:: Provided data ::
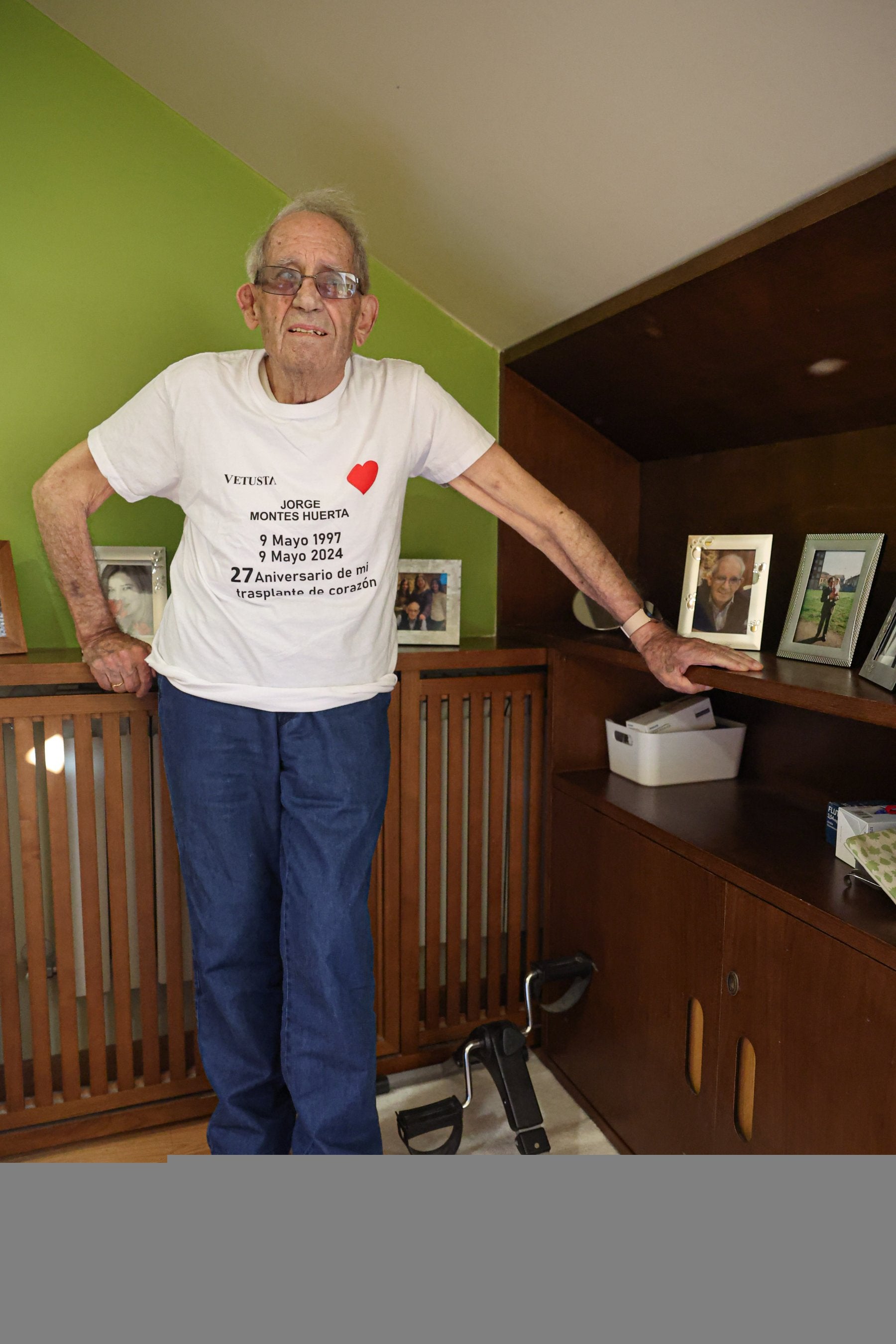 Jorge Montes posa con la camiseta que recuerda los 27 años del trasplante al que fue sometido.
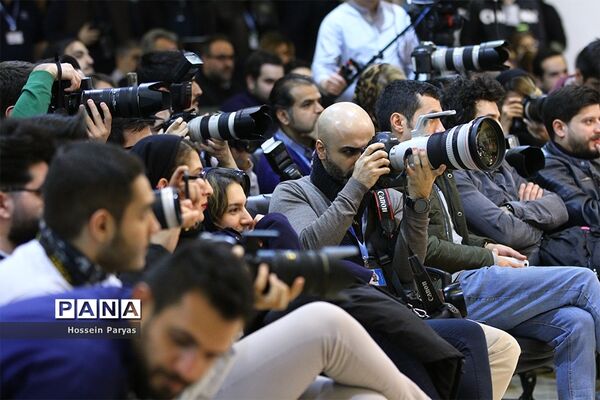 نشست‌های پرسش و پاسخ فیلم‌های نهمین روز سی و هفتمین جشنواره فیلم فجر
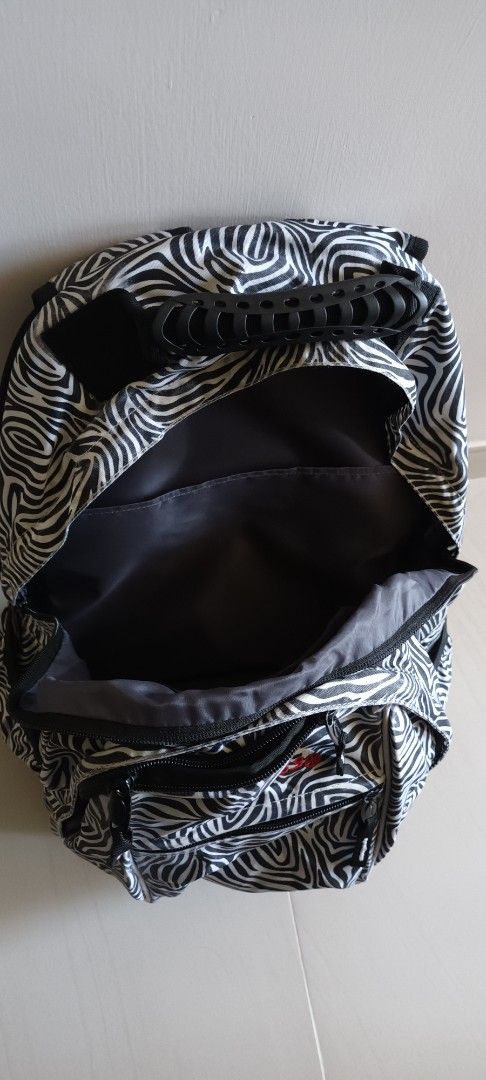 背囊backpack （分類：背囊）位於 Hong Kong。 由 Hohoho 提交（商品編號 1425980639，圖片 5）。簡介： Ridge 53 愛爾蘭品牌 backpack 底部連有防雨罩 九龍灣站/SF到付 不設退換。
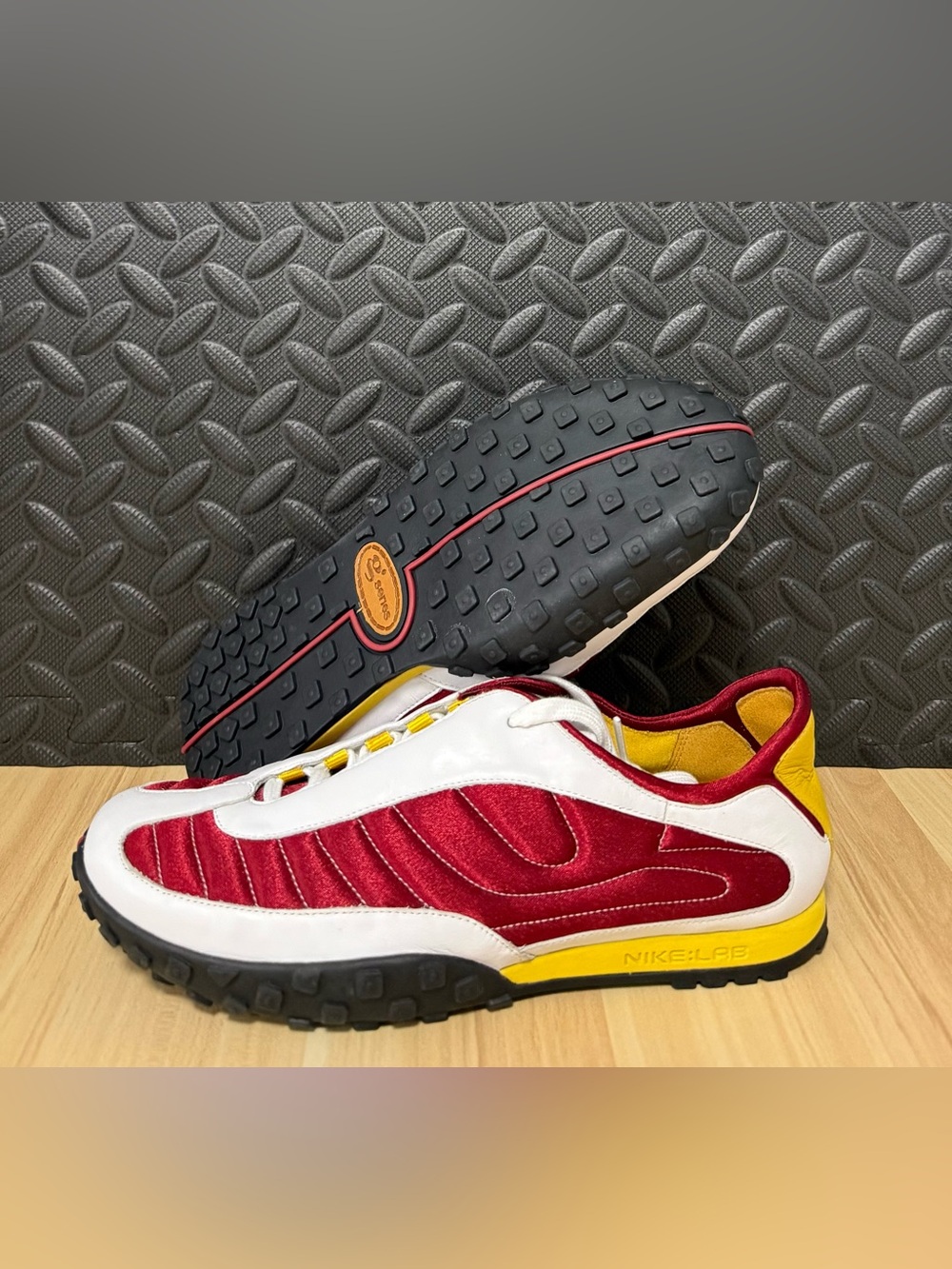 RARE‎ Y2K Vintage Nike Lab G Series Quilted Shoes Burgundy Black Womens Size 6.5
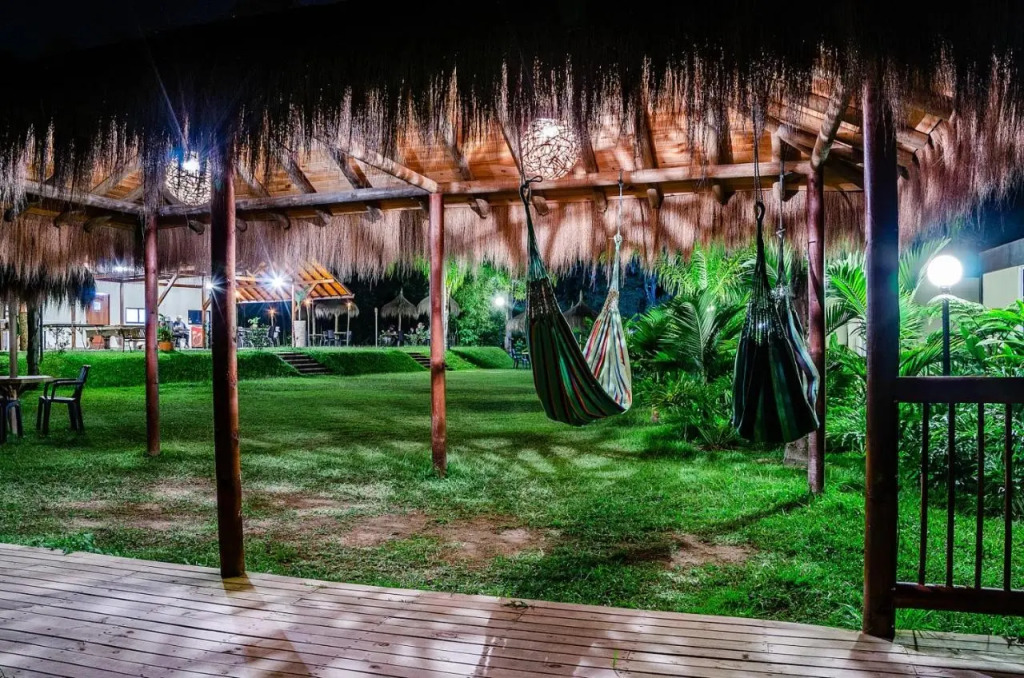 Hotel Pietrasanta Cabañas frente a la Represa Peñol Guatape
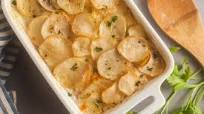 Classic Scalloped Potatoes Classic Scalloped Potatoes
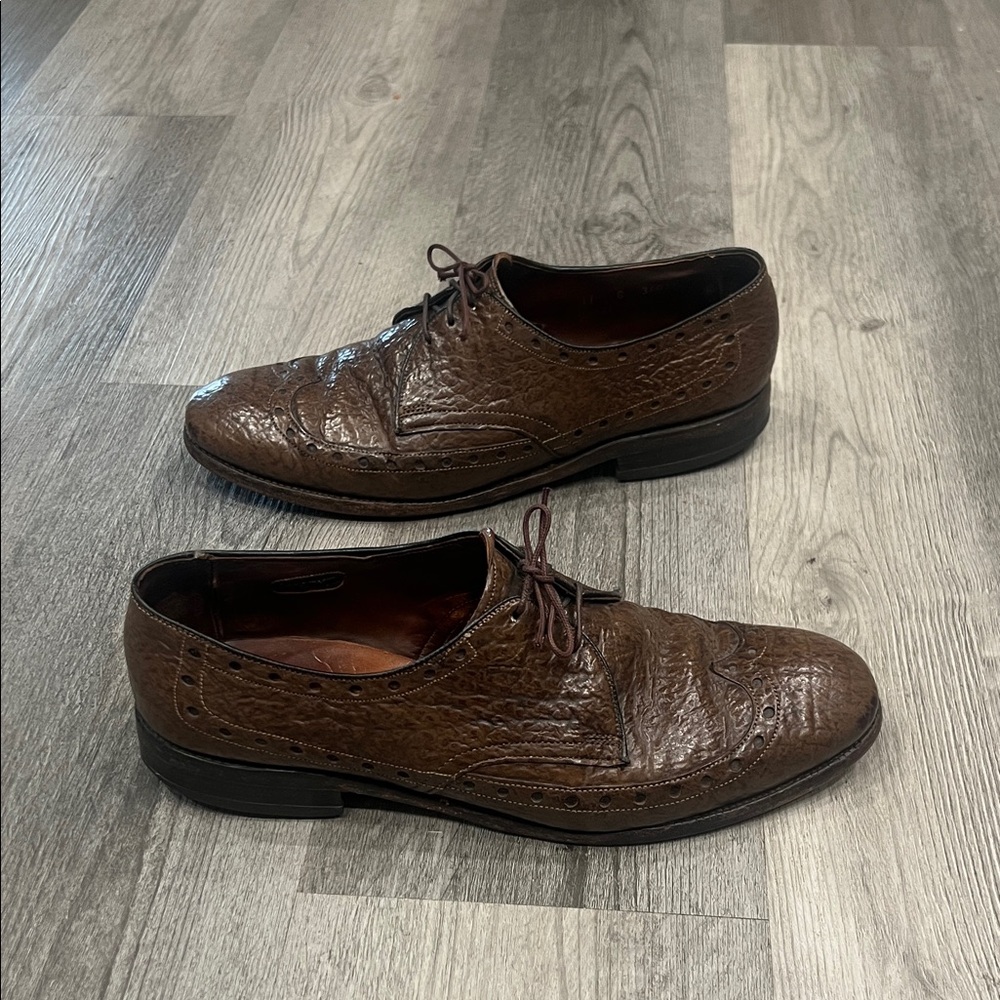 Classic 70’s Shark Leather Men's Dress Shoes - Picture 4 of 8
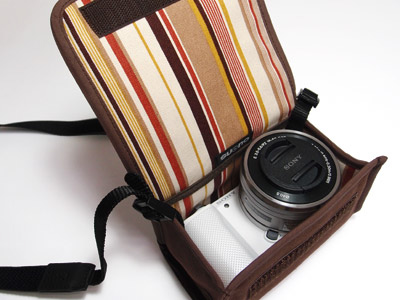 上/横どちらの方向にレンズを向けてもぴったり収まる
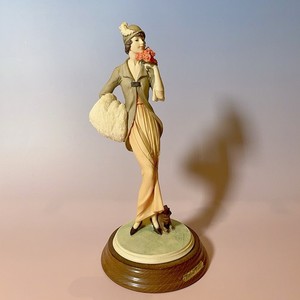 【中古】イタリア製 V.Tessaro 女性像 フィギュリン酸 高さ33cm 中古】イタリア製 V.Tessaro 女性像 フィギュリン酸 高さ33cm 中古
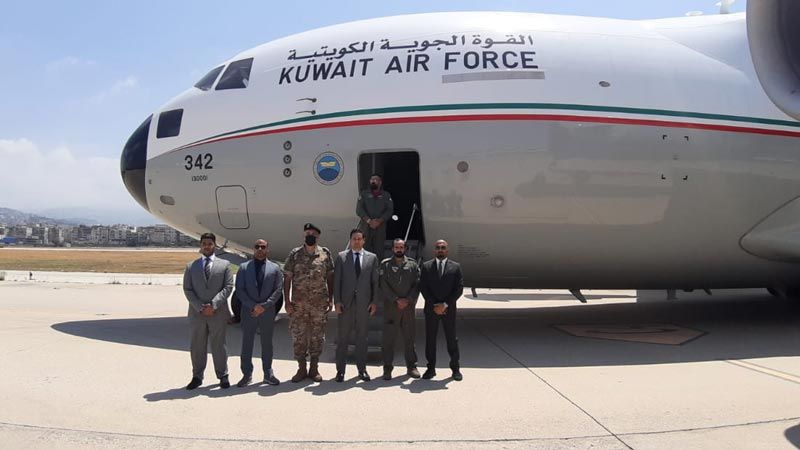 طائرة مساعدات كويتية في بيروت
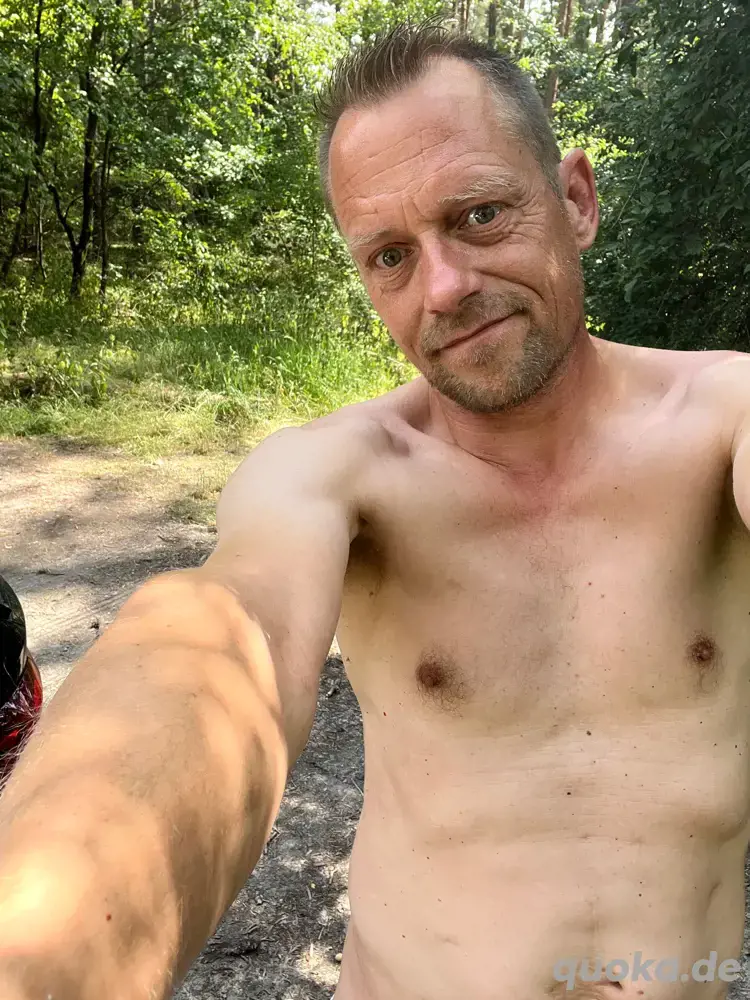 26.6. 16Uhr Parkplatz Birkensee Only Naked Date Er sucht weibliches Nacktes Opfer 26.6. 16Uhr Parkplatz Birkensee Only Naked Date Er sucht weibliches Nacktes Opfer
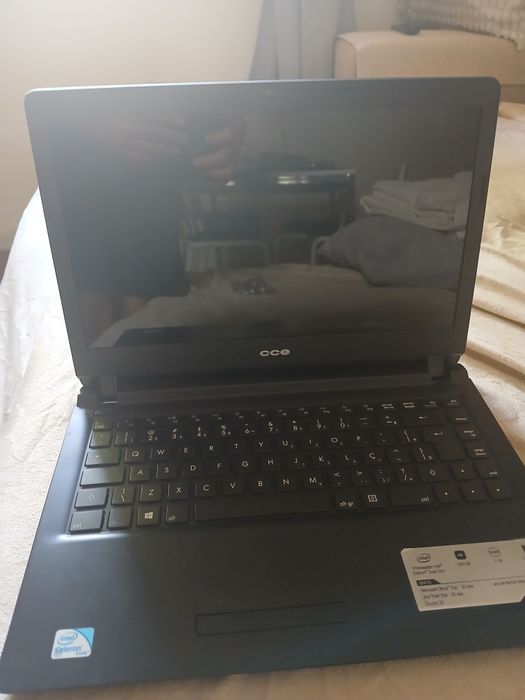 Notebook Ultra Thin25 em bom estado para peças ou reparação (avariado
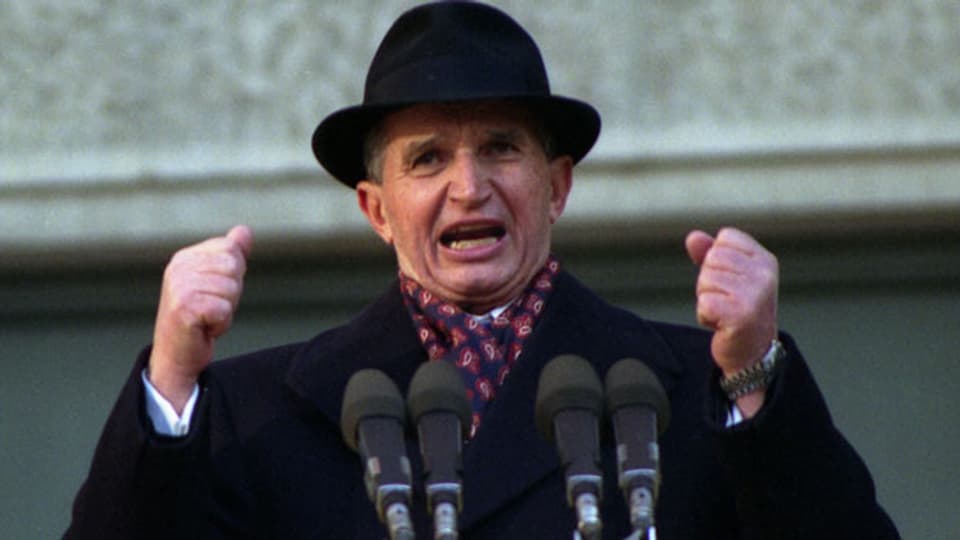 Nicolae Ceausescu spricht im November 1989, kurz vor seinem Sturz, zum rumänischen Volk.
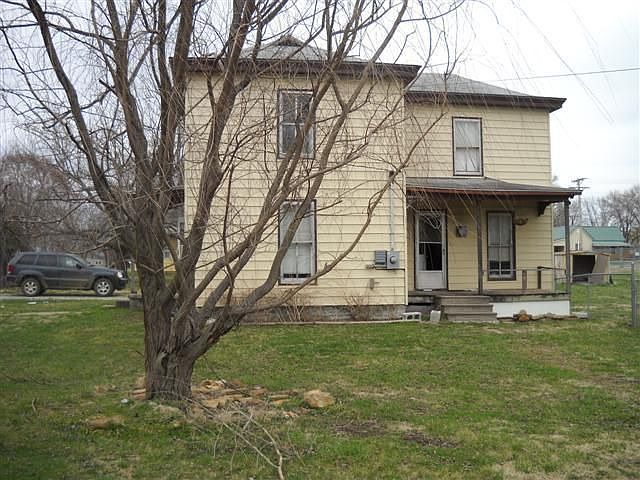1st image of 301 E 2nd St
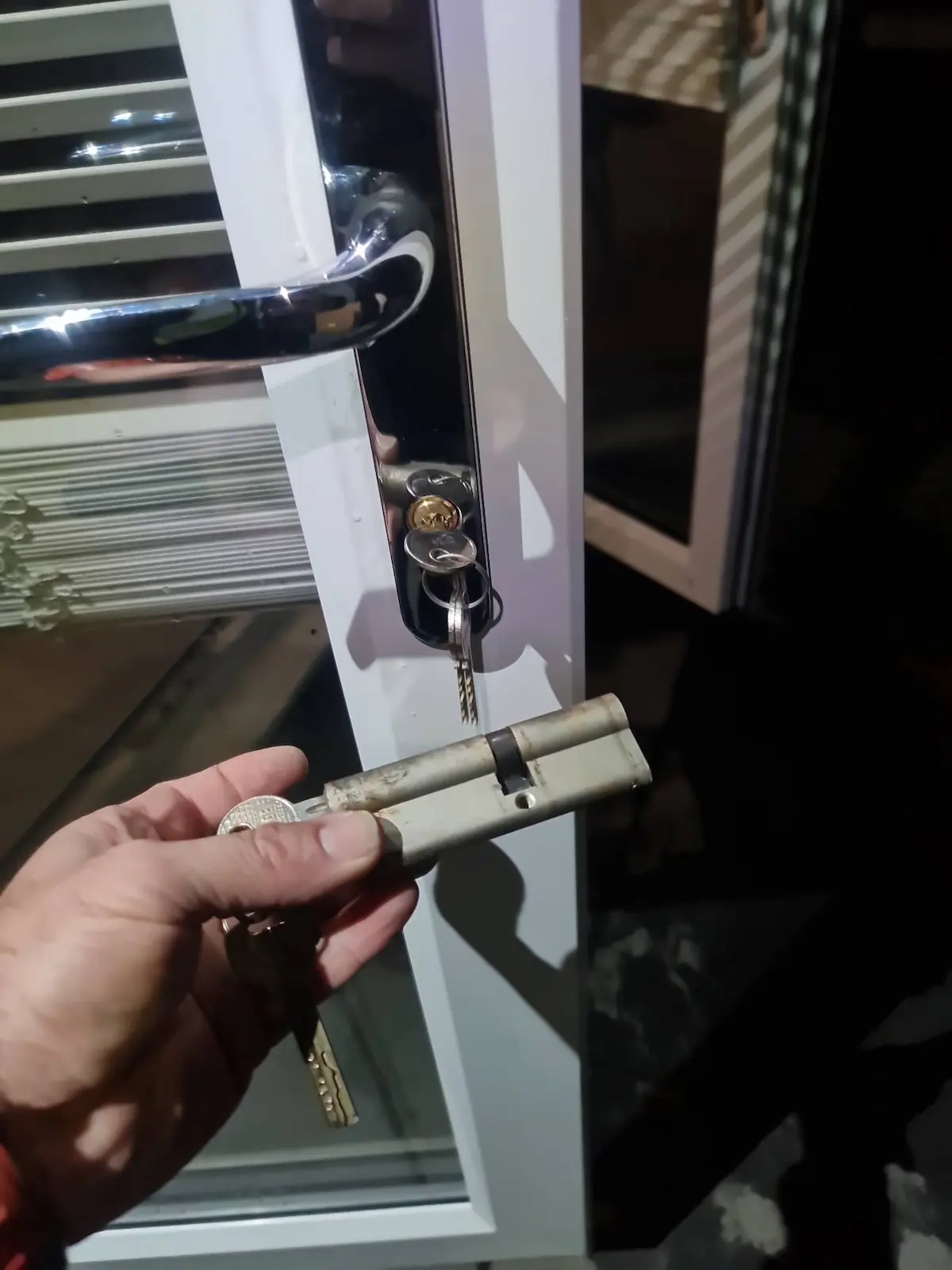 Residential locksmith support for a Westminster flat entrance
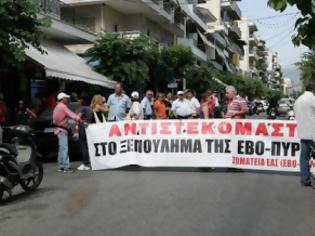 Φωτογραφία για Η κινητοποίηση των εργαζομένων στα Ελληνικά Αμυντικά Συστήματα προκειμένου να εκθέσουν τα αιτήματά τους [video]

:: What the task asks ::
Quote the records above exactly, from the first line through the line containing "背囊backpack （分類：背囊）位於 Hong", and leave out the pictures.

:: Result of this exercise ::
 Jorge Montes posa con la camiseta que recuerda los 27 años del trasplante al que fue sometido.
 نشست‌های پرسش و پاسخ فیلم‌های نهمین روز سی و هفتمین جشنواره فیلم فجر
 背囊backpack （分類：背囊）位於 Hong Kong。 由 Hohoho 提交（商品編號 1425980639，圖片 5）。簡介： Ridge 53 愛爾蘭品牌 backpack 底部連有防雨罩 九龍灣站/SF到付 不設退換。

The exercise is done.